Licencier un salarié pour inaptitude sans faire d’erreur


La procédure de licenciement pour inaptitude

Vous venez de recevoir l’avis du médecin du travail suite à la visite médicale passée par votre salarié et le verdict est tombé : votre collaborateur est inapte. Après de sérieuses mais vaines recherches de reclassement, vous n’avez d’autre choix que de licencier votre salarié pour inaptitude physique et impossibilité de reclassement. Mais quelle procédure de licenciement devez-vous respecter ?
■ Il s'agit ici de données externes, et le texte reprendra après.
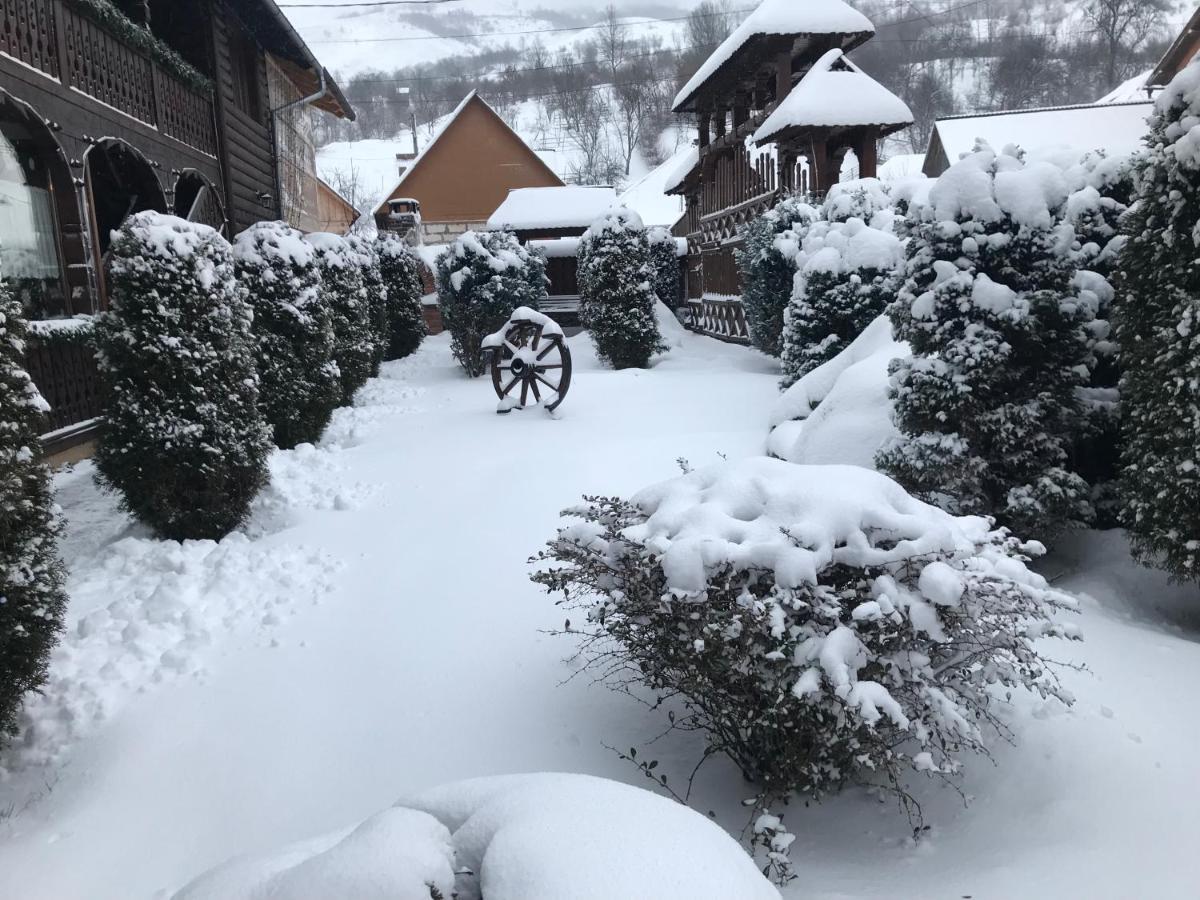 Pensiunea Cretuca Botiza Buitenkant foto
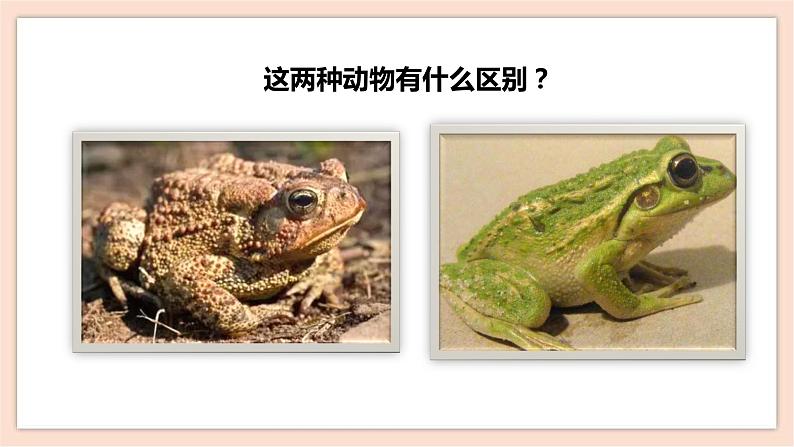 人音版四年级下册第三单元第四课时《癞蛤蟆和小青蛙》课件05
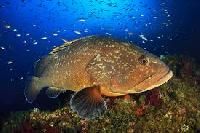 Grouper Fish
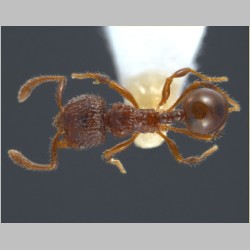 Pristomyrmex coggii Emery, 1897 dorsal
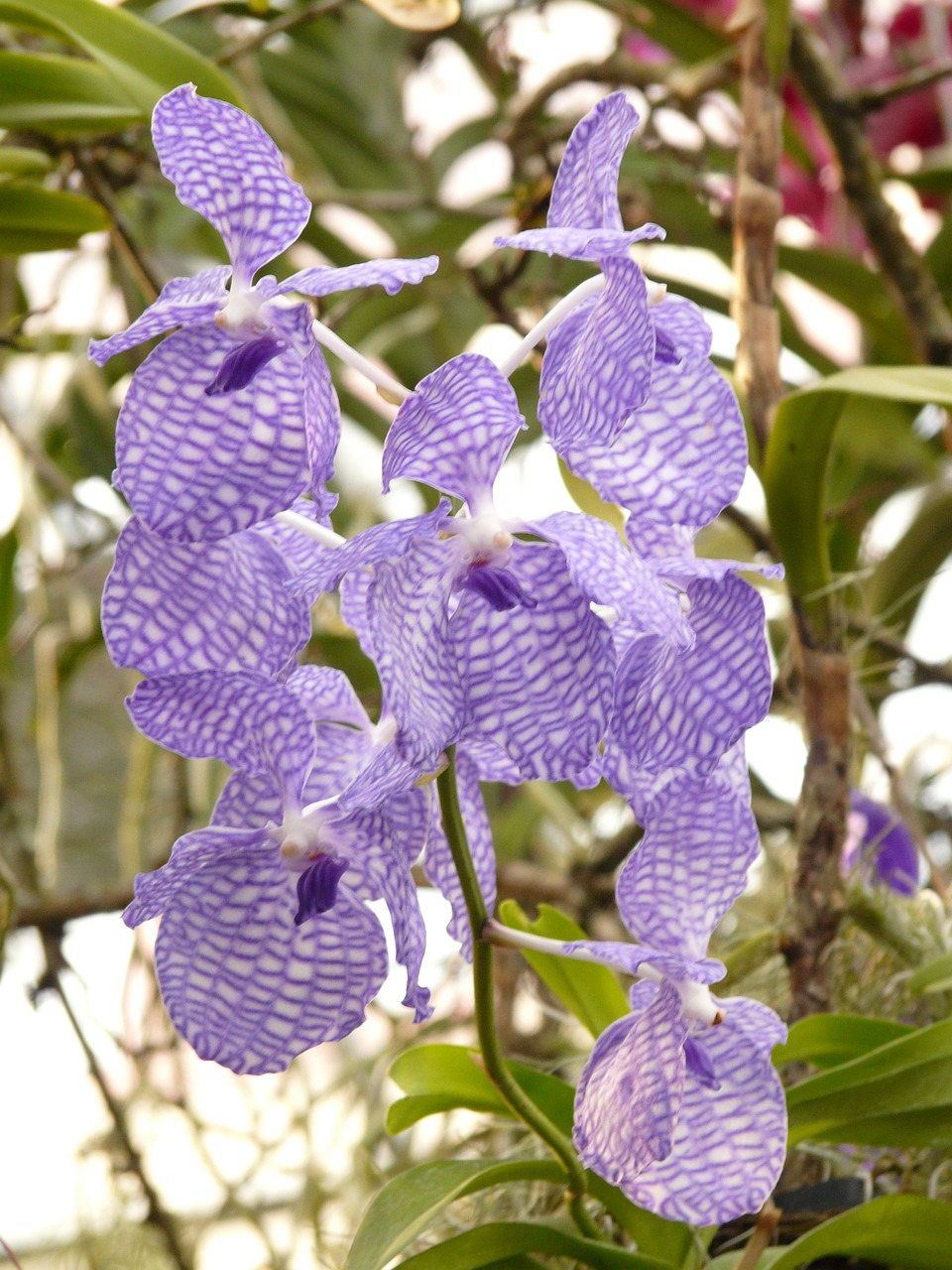 Mėlyna Vanda Orchidėja, Orchidėja, Mėlynas, Gėlė, Žiedas, Žydėti, Augalas, Atogrąžų, Egzotiškas, Stiprus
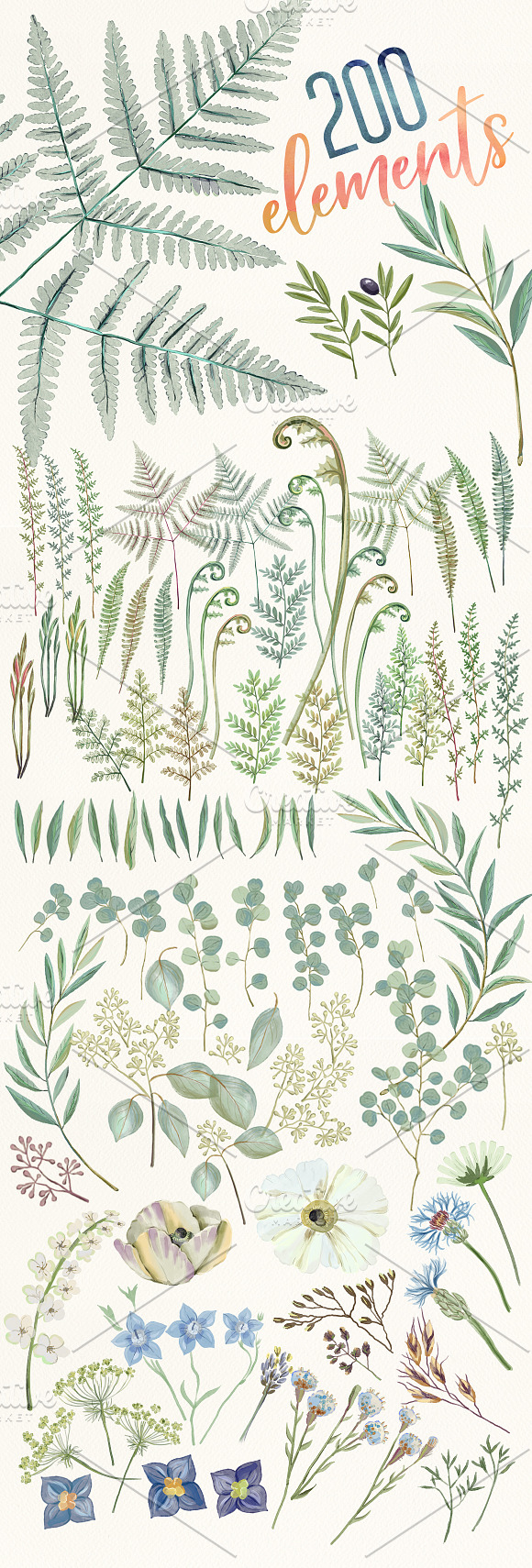 BUNDLE Eucalyptus greenery my best in Illustrations - product preview 1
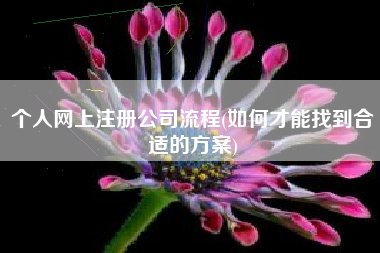 个人网上注册公司流程(如何才能找到合适的方案)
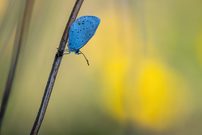 ... der Erste in diesem Jahr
Mots clés de l'article : Médecine du travail  |  Reclassement  |  Licenciement pour motif personnel

Pour toute inaptitude constatée suite à une visite médicale passée depuis le 1er janvier 2017, la procédure de licenciement qui peut en découler a été modifiée par la loi travail du 8 août 2016. Voici la nouvelle procédure que vous devez appliquer si l’un de vos salariés a été déclaré inapte par la médecine du travail.

Pour les déclarations d’inaptitude découlant d’une visite médicale antérieure au 1er janvier 2017, vous devez appliquer l’ancienne procédure.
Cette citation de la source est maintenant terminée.